Ректор печально улыбнулся.
– Вы знаете, что у нас с вами разный подход к различию во мнениях. Здесь кто-то рассказывал, как гулял с другом у реки и пришел к выводу: «Мы соглашались во многом, кроме личных мнений». Чем не девиз университета? Иметь сотни мнений, но не возомнить о себе. Если здесь люди терпят неудачу, то из-за недостатка знаний, а не из-за своих взглядов. Может быть, я реликт восемнадцатого века, но питаю склонность к старой сентиментальной ереси: «За веру пусть фанатик буйный бьется; кто праведно живет – не ошибется». Что вы об этом думаете, отец Браун?
Он с некоторым лукавством взглянул на священника и слегка опешил, потому что привык видеть его всегда веселым, дружелюбным и покладистым собеседником. Круглое лицо отца Брауна обычно лучилось юмором, но сейчас оно по какой-то причине было как никогда хмурым и на мгновение показалось даже более мрачным и зловещим, чем изможденное лицо Байлса. В следующий момент тучи развеялись, но голос Брауна все же звучал твердо и серьезно.
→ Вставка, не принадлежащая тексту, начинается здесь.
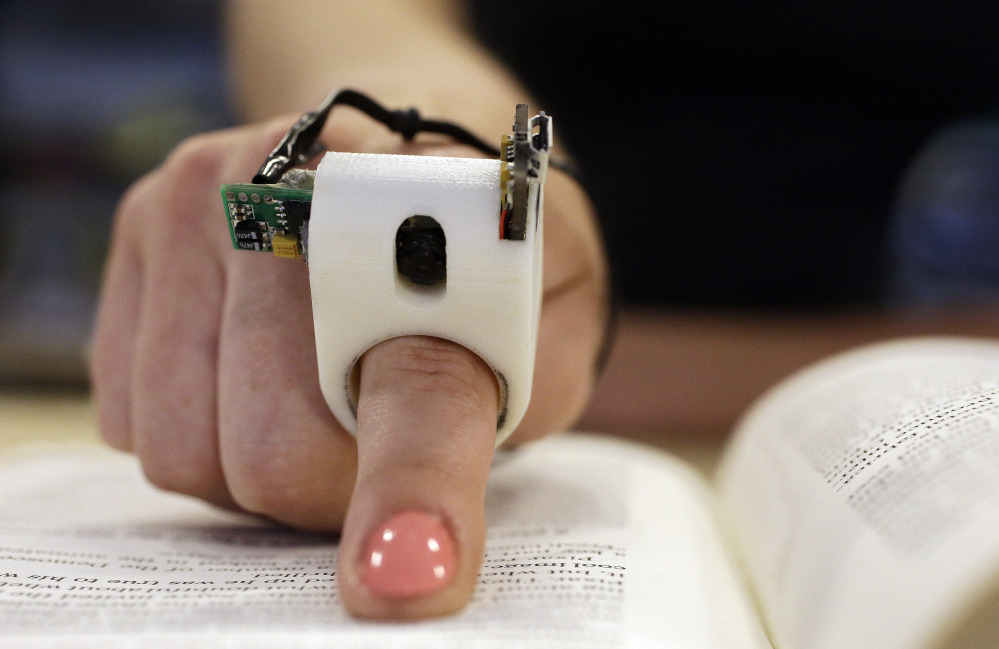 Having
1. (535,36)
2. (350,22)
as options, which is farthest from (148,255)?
(535,36)

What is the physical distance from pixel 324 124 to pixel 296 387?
137mm

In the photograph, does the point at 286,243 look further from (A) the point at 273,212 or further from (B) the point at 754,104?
(B) the point at 754,104

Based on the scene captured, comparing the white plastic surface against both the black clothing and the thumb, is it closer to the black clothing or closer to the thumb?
the thumb

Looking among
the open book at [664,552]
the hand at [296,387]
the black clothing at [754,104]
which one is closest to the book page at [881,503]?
the open book at [664,552]

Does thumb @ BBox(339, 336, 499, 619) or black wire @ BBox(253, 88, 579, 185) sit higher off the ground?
black wire @ BBox(253, 88, 579, 185)

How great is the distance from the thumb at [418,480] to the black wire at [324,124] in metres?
0.10

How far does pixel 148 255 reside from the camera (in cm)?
44

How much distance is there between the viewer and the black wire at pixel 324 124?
34cm

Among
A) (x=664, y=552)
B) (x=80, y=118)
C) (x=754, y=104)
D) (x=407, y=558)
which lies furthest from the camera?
(x=80, y=118)

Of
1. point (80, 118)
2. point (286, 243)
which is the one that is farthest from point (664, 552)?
point (80, 118)

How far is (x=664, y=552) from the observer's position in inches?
14.8

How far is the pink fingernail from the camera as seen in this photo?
10.5 inches

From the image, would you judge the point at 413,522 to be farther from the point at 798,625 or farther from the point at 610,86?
the point at 610,86

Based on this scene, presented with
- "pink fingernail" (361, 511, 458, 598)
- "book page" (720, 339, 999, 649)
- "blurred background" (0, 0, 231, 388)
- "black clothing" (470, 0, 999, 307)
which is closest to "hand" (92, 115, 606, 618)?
"pink fingernail" (361, 511, 458, 598) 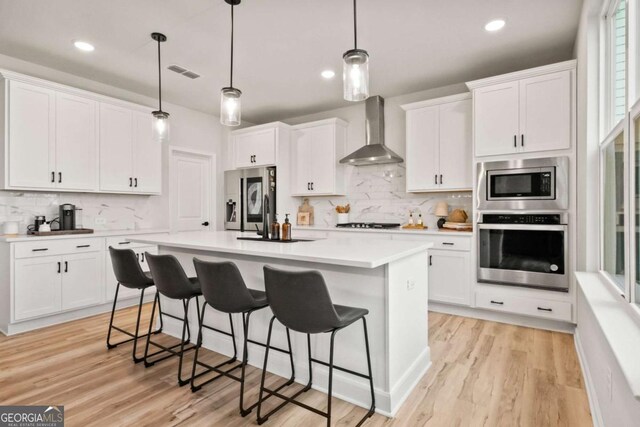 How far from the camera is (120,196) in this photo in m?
4.62

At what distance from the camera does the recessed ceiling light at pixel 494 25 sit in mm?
2920

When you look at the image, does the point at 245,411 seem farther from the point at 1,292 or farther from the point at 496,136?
the point at 496,136

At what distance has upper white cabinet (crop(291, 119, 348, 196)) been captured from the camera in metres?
5.10

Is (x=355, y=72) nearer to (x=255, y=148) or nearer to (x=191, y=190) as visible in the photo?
(x=255, y=148)

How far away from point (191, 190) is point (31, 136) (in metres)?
2.21

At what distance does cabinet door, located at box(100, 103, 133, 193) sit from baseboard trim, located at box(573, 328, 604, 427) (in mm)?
4823

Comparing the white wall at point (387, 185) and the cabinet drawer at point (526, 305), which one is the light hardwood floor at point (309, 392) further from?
the white wall at point (387, 185)

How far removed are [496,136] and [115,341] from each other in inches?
164

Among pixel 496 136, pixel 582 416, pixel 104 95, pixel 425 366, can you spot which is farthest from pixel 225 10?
pixel 582 416

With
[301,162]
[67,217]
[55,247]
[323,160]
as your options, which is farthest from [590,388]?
[67,217]

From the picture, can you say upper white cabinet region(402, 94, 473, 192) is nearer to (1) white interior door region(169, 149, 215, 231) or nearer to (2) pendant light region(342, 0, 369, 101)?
(2) pendant light region(342, 0, 369, 101)

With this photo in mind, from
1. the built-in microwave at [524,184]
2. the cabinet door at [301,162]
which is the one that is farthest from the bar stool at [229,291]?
the cabinet door at [301,162]

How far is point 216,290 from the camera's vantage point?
6.88 ft

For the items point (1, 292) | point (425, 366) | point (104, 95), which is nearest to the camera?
point (425, 366)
– Я в это не верю, – кратко ответил он. – Как жизнь человека может быть праведной, если его взгляды на жизнь ошибочны? Современная путаница возникает потому, что люди не знают, как сильно могут различаться наши представления. Баптисты и методисты знают, что их нравы не сильно отличаются друг от друга; то же самое относится к религии и философии. Но если перейти от баптистов к анабаптистам или от теософов к индийской секте убийц-душителей, все выглядит иначе. Ересь всегда влияет на мораль, если она достаточно еретична. Полагаю, человек может искренне верить, что воровство – это совсем неплохо. Но какой смысл говорить о том, что он честно верит в бесчестные вещи?
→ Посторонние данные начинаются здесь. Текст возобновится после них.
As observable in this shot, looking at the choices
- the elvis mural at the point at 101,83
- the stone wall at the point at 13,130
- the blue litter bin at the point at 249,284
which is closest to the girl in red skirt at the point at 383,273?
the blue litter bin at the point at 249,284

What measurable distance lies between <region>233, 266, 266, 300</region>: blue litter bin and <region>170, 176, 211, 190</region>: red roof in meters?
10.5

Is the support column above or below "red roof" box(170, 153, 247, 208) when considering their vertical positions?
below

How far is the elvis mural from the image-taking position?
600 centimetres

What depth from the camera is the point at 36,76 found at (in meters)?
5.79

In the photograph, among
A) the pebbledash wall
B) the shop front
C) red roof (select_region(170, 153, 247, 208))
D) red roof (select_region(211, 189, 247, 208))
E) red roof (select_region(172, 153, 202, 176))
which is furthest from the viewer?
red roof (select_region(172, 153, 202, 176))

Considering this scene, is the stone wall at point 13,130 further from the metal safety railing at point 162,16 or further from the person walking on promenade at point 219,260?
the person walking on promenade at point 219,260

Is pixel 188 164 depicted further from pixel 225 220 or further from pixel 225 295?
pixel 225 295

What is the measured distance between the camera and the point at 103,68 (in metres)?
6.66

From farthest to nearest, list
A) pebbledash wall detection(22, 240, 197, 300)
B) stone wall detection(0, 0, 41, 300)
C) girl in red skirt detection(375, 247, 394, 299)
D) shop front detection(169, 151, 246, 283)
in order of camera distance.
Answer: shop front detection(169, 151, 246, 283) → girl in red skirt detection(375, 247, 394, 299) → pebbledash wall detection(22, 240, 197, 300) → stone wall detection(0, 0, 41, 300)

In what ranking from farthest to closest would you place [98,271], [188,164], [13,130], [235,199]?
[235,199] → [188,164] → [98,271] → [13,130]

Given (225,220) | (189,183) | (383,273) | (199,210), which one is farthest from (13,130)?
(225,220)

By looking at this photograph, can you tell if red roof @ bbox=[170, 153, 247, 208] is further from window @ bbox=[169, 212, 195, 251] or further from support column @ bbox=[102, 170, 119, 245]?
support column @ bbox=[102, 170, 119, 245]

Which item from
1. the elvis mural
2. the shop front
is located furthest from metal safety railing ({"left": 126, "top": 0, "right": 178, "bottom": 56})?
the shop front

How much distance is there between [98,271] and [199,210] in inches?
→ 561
– Отлично сказано, – произнес Байлс со свирепой гримасой, которую многие принимали за дружелюбную улыбку. – Именно поэтому я возражаю против открытия кафедры теории воровства в нашем колледже.
– Конечно, все вы резко настроены против коммунизма, – со вздохом признал ректор. – Но неужели вы действительно думаете, что он заслуживает такого внимания? Неужели любая из наших ересей достаточно серьезна, чтобы представлять опасность?
– Думаю, они стали такими серьезными, что в некоторых кругах их уже воспринимают как должное, – ровным голосом сказал отец Браун. – Их принимают неосознанно, то есть без участия разума и совести.
– И все это кончится тем, что страна пойдет прахом, – заметил Байлс.
– Все это может кончиться еще хуже, – сказал отец Браун.
Внезапно по панели противоположной стены скользнула тень, за которой быстро последовала фигура, отбросившая ее, – высокая и сутулая, с очертаниями хищной птицы. Впечатление подчеркивалось тем, что внезапное и стремительное движение напоминало потревоженную птицу, вспорхнувшую из кустов. Это был длиннорукий и длинноногий мужчина с длинными висячими усами, хорошо знакомый собравшимся за столом. Но из-за сумерек в зале, освещенном лишь свечами, полет мелькнувшей тени странным образом соединился с невольным пророчеством священника, словно он был авгуром в древнеримском смысле этого слова, а полет птицы – знамением. Вероятно, Байлс мог бы прочитать лекцию о римских авгурах и особенно об этой птице, сулившей несчастье.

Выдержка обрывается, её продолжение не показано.